Gli italiani devono sapere cosa possono fare per fermare il cambiamento climatico, che tanti danni ci procura. La risposta è: poco o nulla.
Nel biennio 2020/2021 la Cina da sola ha aumentato le sue emissioni di CO2 di 750 milioni di tonnellate, più che annullando gli sforzi del resto del mondo, che le ha abbattute di 570 milioni. Questi sono i dati dell'International Energy Agency, organizzazione intergovernativa dell'Ocse. In parole semplici, mentre tutti svuotano l'acqua dalla barca c'è uno che ne fa entrare ancora di più. Girarsi a guardarlo con aria interrogativa che vogliamo fare? pare il minimo. In questi giorni la Cina sta celebrando la sua crescita industriale, promettendo di tenerla ancora ben viva a sostegno dell'operazione commerciale-coloniale denominata belt-and-road, che un giorno dovrebbe darle la forza, anche militare, per prendersi Taiwan. Per carità, tutto legittimo. Ma dobbiamo sapere che lo fanno alterando quel clima a cui addebitiamo i nostri disastri grandi e meno grandi, dalle alluvioni alle allergie da polline.
Quando in tv una pubblicità ci accusa di lasciare un'impronta gigantesca sulla sabbia e sull'ambiente, dobbiamo sapere che il piede è cinese, non italiano. Le impronte italiane sono molto più piccole e dal 1980 diminuiscono ogni anno di più. Nel 2019, dati ONU, l'Italia ha immesso in atmosfera 418 milioni di tonnellate di gas serra (CO2 equivalenti) e l'intera Europa 4 miliardi e 65 milioni. Numeri che impallidiscono di fronte agli oltre 14 miliardi di tonnellate immessi dalla Cina, pari al 27% del totale mondiale. Pro-capite? Cina 8 tonnellate e Italia 5. Non siamo noi il problema e di conseguenza non possiamo esserne la soluzione.

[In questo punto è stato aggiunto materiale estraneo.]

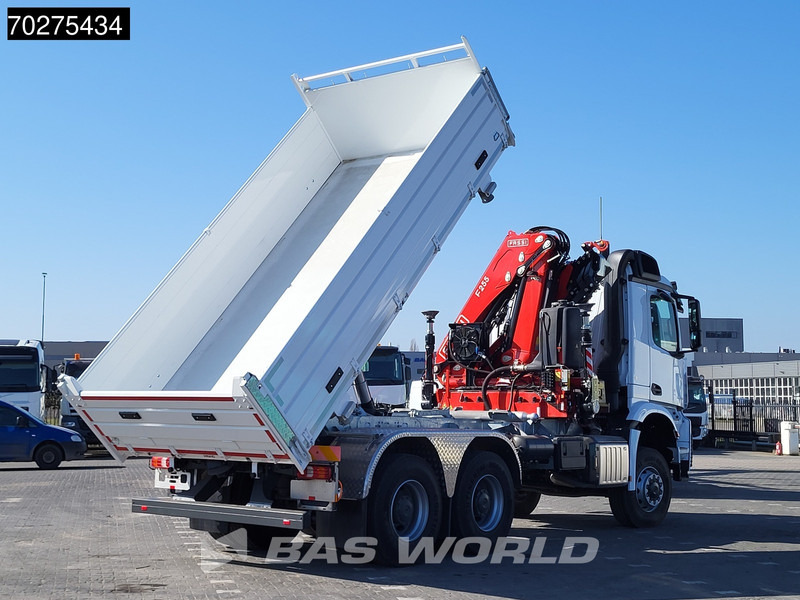 Mercedes-Benz Arocs 3348 6X6 NEW Fassi F255A.2.24 Kran Crane 3-way tipper Navi Euro 6 - قلابات, شاحنة كرين: صور 3 Mercedes-Benz Arocs 3348 6X6 NEW Fassi F255A.2.24 Kran Crane 3-way tipper Navi Euro 6 - قلابات, شاحنة كرين: صور 3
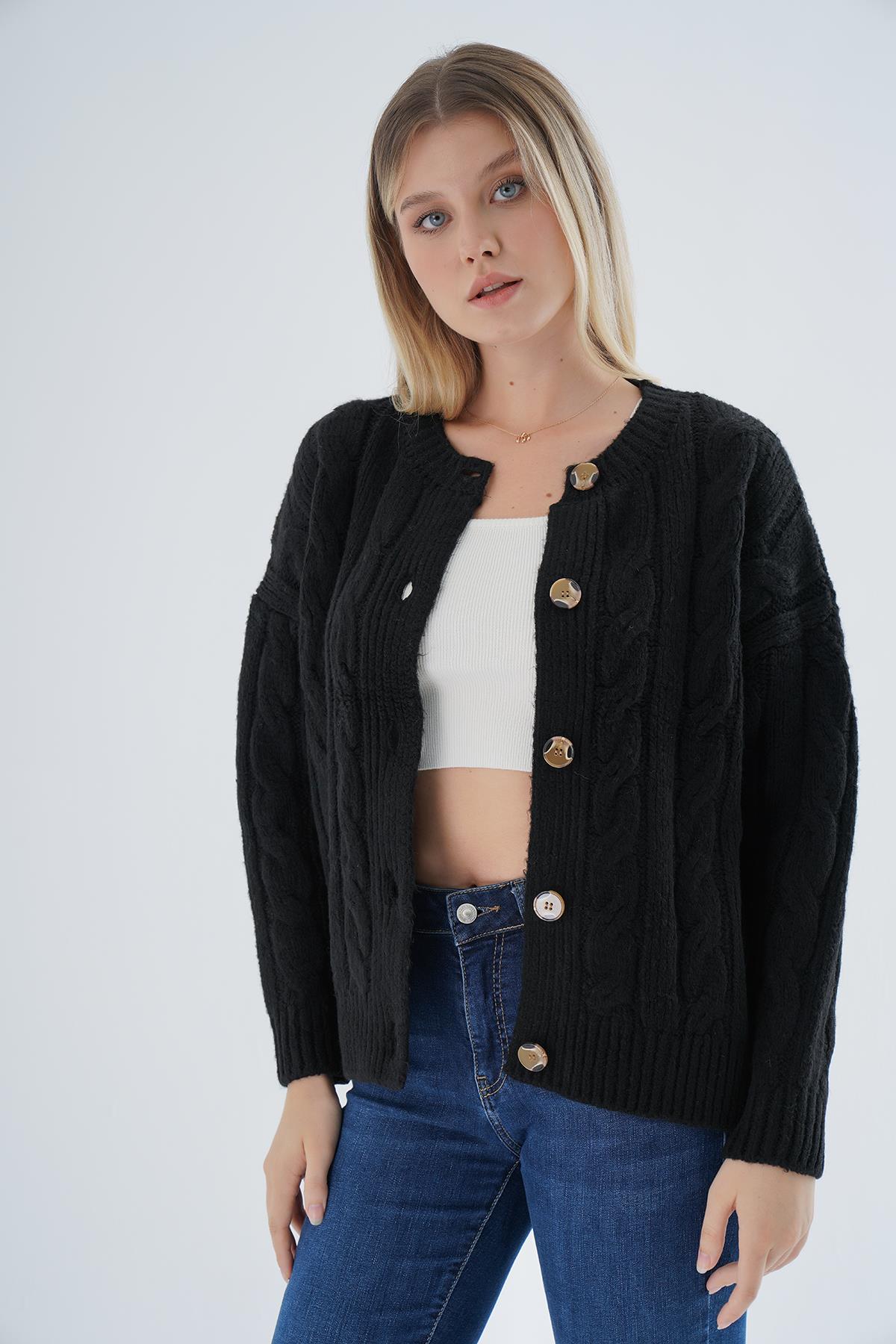 Kadın Siyah Oversize Bisiklet Yaka Düğmeli Saç Örgülü Yün Karışımlı Triko Örme Hırka TRIST-6166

Questa crisi energetica è appena agli inizi e porterà molto dolore, a tutti i livelli della società. Il tessuto economico italiano è fatto di milioni di microimprese, che non fanno rumore ma mettono il piatto a tavola di milioni di famiglie. Tante stanno sospendendo l'attività e tantissime la stanno riducendo, concentrandosi dove c'è la fetta maggiore di business, così da stare a galla con i costi. Credere che questo non si rifletta in meno soldi che arrivano alla manodopera impiegata è una pia illusione. Ciò a sua volta comporterà meno consumi e così il circolo vizioso sarà completo e avviato.
Chi carica l'opinione pubblica di sensi di colpa o è disinformato o è mosso da passione ideologica, quando non da inconfessabili interessi economici.
C'è un filo rosso che unisce molte parti di questa crisi alle politiche energetiche scellerate portate avanti per decenni, per compiacere quella popolazione convinta che alle belle parole sarebbero seguiti fatti altrettanto belli: energia prodotta esclusivamente da fonti rinnovabili, nessuna necessità di estrarre gas dal nostro territorio e dalle nostre acque, rifiuto anche di farlo arrivare in Puglia dall'oriente, per tacere del nucleare. Non è un gioco e gli altri picchiano duro.